"A distinctive quality or atmosphere." That's one of the definitions of the word 'flavour'. And each and every neighbourhood I've ever lived in has had its own distinct flavour. Whether it was intrinsic, or just the way I perceived things, I'm not quite sure; perhaps a little of both. In the latter case, if you live in the same house and area for many years, that perception can change with age, because when you're a kid and the territory is your playground, the way you view your surrounding environs differs from when you're an adult and it's only the place where you live. As a grown-up, you no longer play in the woods and climb the trees, or go exploring the boundaries of your locale with your pals, so your perception (and thus the flavour) of the place likely adapts to your shifting experience of it.
In my case, I know that my neighbourhood no longer 'tastes' exactly as it did when I was a teenager. That's due to various reasons, many of them ones of style. For example, the pavements no longer have light grey slabs, but instead sport a dark tar macadam. Street lights are no longer painted light grey, but for many years were of a much darker hue before being replaced with bare aluminium ones. The designs of the cars parked in the street are totally different to cars of the '70s. There are fewer green spaces for kids to play, and the horizons are narrowing because of new edifices blotting out the sky. Even something as seemingly trivial as the shape and colour of window frames can alter the mood of a street in quite a significant way. The 'feeling' I now experience of my surroundings when I leave my house to go shopping or visiting is not the same as when I was a teenager or young adult on my way to school or work, or simply going to see friends.
But there's another factor. When I was younger, lingering thoughts of mortality did not concern me with quite the same intensity as they do nowadays (after all, the prospect of death seems far more remote in youth), and I had a sense of optimism about life. Free from the worry of earning a living, or securing a future and raising a family, when I was a kid life seemed like one big adventure and I couldn't wait to see what a new day would bring. Now, rapidly approaching old age and in physical and intellectual decline, I fear for the future and could see tomorrow far enough (except when waiting for some item purchased on eBay to arrive). All those different factors coalesce to alter not only my perception of my place in the scheme of things, but also to change the 'scheme of things' itself. A two-pronged attack as it were.
Perhaps it's a mistake to stay in the same environment for any significant length of time. Maybe people need to change their surroundings every so often, otherwise the taste of daily living becomes stale and no more than an endless repetition of things that no longer satisfy, no longer inspire. True, the pattern of life is pretty much the same wherever we live, but the illusion of 'freshness' and 'newness' that comes with a change of locale is perhaps the closest we'll ever get to feeling that our daily grind has been infused with new 'life'.

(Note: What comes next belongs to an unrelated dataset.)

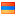 flag_Armenia.png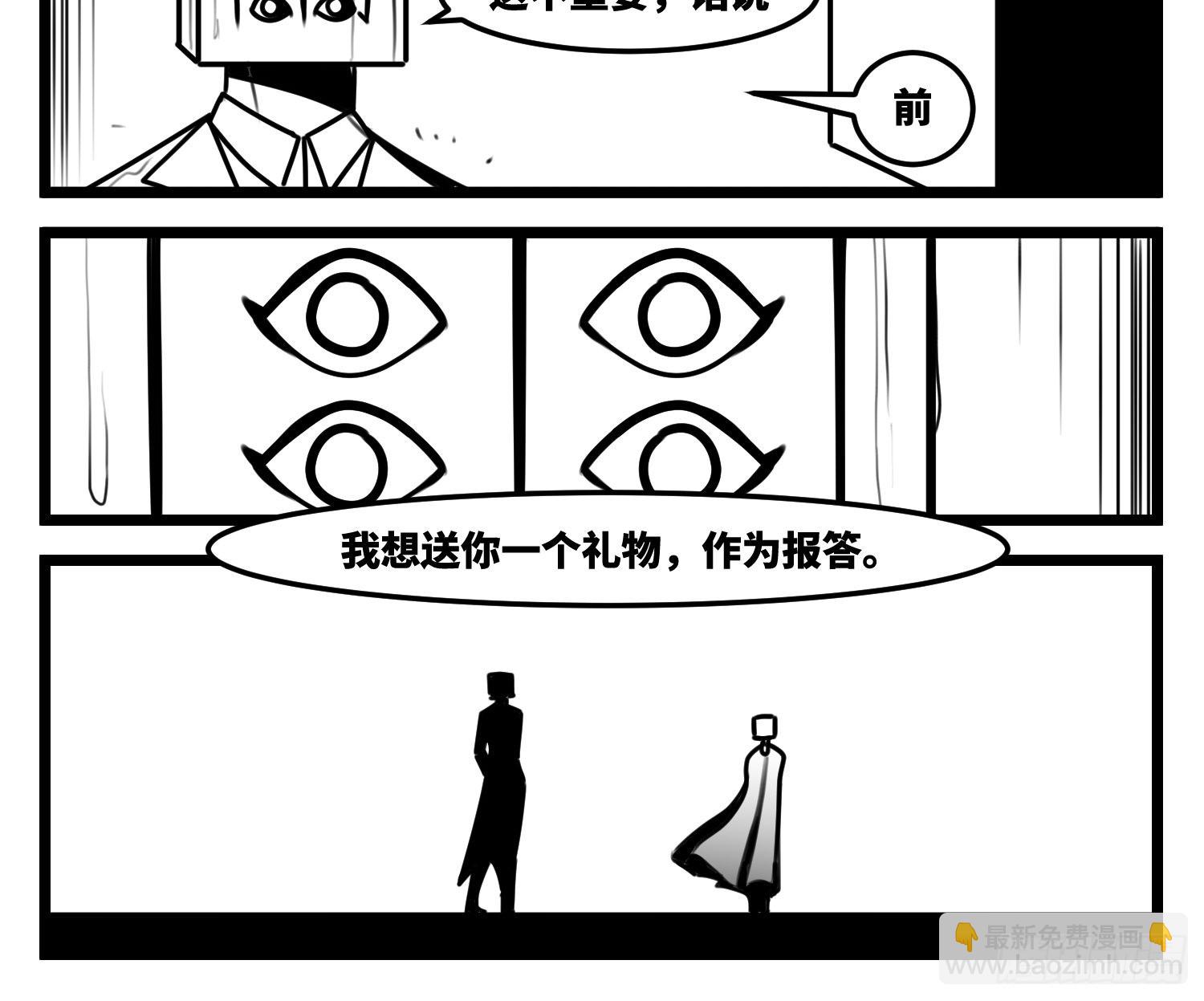 《中华字库》第六十三话雨中雨 第33页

Are you an adult who's lived in the same house since you were a kid? If so, do you recognise what I'm trying to say, or does the continuity of your life from infancy afford a comfort that you'd be loath to relinquish? Or do you sometimes feel suffocated by it and yearn for change? Particularly if the place as you once knew it no longer seems the same, and you're merely clinging on to the ghost of a memory of how things used to be. If you can make head or tail of what I've been rabbiting on about, I'd be interested in reading your thoughts in the comments section.
8 comments:
You're mocking me...
(That'll make more sense in about 5 hours)
Oh, that's right - you've jumped about a bit in your time, haven't you? Was there ever a time you wish you'd stayed in the same place for longer than you did?

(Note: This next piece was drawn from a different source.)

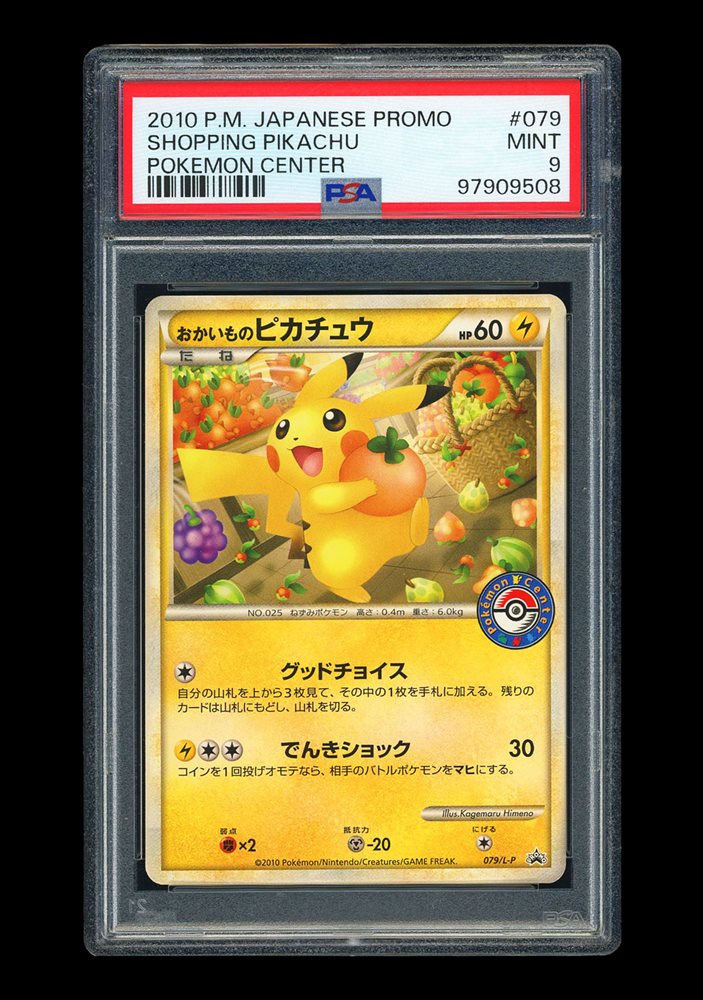 Shopping Pikachu PROMO 079/L-P – Japanese Pokemon Card. LEGEND Promos Set. Excellent/Near Mint Condition.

Not just that. You've since seen how poorly my post on my past compares to yours, eh? And we've seen how disconnected i am from my own timeline from your post earlier this week.
Yeah, there were times. Note that not only locations were constantly changing, that also prevented any long term friendships/relationships during those early decades. No doubt that contributed to my hermit nature.
But, on the plus side, that constant change and shifting view of the world taught me at a very early age to understand how much of what we're told is pure BS. I find the very broad exposure to the world and to many different peoples gave me a perspective that was a fair trade, to me.
The lack of roots diminishes connection, but is liberating in return.
By the time I was 13 and a half, I'd lived in 5 different abodes, so I was always the new kid on the block - then I was gone. However, I first moved into this house 45 years ago, and I do like having the familiar around me... sometimes though, it just doesn't seem all that familiar anymore. I'm not sure I want to be 'liberated' though - not at my age.
God, I want to comment on this but I'm so tired. Maybe later..
I've just awoken from a sleep 'cos I'm tired all the time, so I know how you feel. Grab a kip and return later as I'd certainly be very interested in your take on this.
I've moved house 13 times. I don't think I want to go back to my childhood home, if that were possible. And I found although I yearned for years to come back to Glasgow that I didn't enjoy it at all. The house I'm now renting in Elgin is the nicest place I've ever lived, I reckon.
Going by the photos you showed on your blog, it certainly looks like a really nice house. Funny that in sometimes yearning for a 'golden age', we don't realise that in clinging on to a dream of the past we might be depriving ourselves of an even better future.